Jessica wasn’t really injured, of course. Either was the teen to her left, laidout by a theoretical car accident. Or the one across the room, arm immobile from an imaginary gunshot wound.
It was Kelsey’s role-playing that was key in that scenario. She and the 20 other students enrolled this year in Grandville High School’s Emergency Medical Technician class hope to be qualified by the spring to take the examination for certification.
Along with assessing patients, the Grandville seniors will learn how to perform cardiopulmonary resuscitation (CPR), insert tubes needed to open blocked airways and measure vital signs such as blood pressure. As part of the class, students also are required to go on ride-alongs during regular Life EMS ambulance shifts and to work a pair of shifts in a hospital emergency room.
Science teacher Kristy Rieger has been leading the EMT classes in Grandville for six years. She took over — and went through the certification herself — when the program’s creator, science teacher Tom Krepps, retired.
♥An Eye-Opener for Many Students
The class has been offered in Grandville for nearly 20 years in partnership with Michigan-based Life EMS Ambulance, Rieger said. There is a similar program at Innovation Central High School in the Grand Rapids Public Schools district. At Grandville, those who apply must have achieved a B or better in human biology to be considered.
“To have a program like this in a high school is extremely unique,” said Jason Courtade, a Life EMS paramedic and instructor who helps lead the high school classes. “I think this course should be required in every school. It gives you such a good foundation for how to handle emergencies, basic injuries, when to call 911 and when not to, and all those critical-thinking situations you can’t learn about in school.”
Students who complete the training “will have a huge leg up no matter what they do after high school,” said Courtade, a 2004 Grandville graduate who also took the course.
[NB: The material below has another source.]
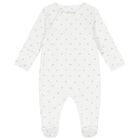 White Silver Bow Babygrow, 1, hi-res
Rieger said many of her students go on to some type of medical work. Kelsey, the roof faller-offer-responder, says she hopes to work in occupational therapy, nursing or as a physician’s assistant.
Her imaginary patient and classmate, Jessica, plans a career in medical research. Another in this year’s class is the third in his family to become EMT certified through the class at Grandville High.
Rieger said students should consider entering the program even if they don’t want to become a paramedic.
“I feel like they have the opportunity to leave high school with a different perspective,” she said. “They will have seen what it looks like when things go very very poorly for people, when they are in situations where they need medical help.
“We end up having really good conversations here. It can be very eye-opening for them.”